Flexibility-wise, only a small portion (more specifically, the boot loader and standard library functions) of the engine’s firmware is stored in ROM for the sake of root security and performance, and all application firmware is stored in flash. This enables a firmware update to fix or patch hardware or firmware bugs in the field.

We have seen the advantages. But is the engine perfect? What about the “cons”?

• Cost: The engine is a separate core and it shares few hardware devices with the main operating system. Although more isolated and secure, this adds the BOM cost of the platform, compared to security solutions that do not introduce a dedicated processor.

• Limited computing bandwidth: To save power and cost, the engine’s processor runs at a relatively low frequency. This restricts it from serving applications that require high throughput. However, note that most security applications do not require overwhelming performance and the bandwidth is not a major concern.

• Difficult firmware update deployment: It is relatively easy for software to push patches and updates to end users’ devices. This helps software vendors fix vulnerabilities and add new features in a timely manner. The story of a firmware update is completely different, however. Because the firmware is part of the security and management engine, and a component of the chipset or SoC, firmware hotfixes and maintenance releases must be thoroughly tested for compatibility by OEMs before being pushed to devices that are in the field. This process usually takes anywhere from a few weeks to a few months, and may not happen at all. To address the problem of firmware updates, a stringent security review process is exercised in the attempt of minimizing the need for hotfixes.

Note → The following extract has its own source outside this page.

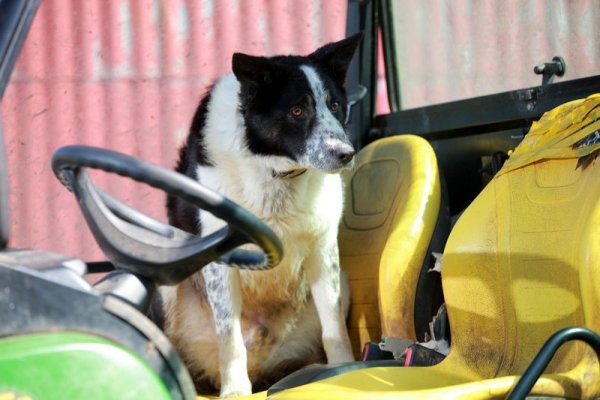 Собака за рулем трактора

Overall, the pros of using the engine as the security solution outweigh the cons, making the engine the ideal place for security solutions.

Security Applications at a Glance

Realizing these attractive properties of the infrastructure, no one would be satisfied if the management engine remained just a system management tool. System manageability is an important and useful application, but it does not make use of the full potentials offered by the engine. Now that the engine is available on the system, why not make the most out of it?

First, the engine should be used as frequently as possible—not only when management service is requested on the system. After all, how often do system problems happen? They do not happen every day.

Second, a successful state-of-the-art technology should not benefit only the network administrators and the employees in enterprises. It should bring values to a larger population.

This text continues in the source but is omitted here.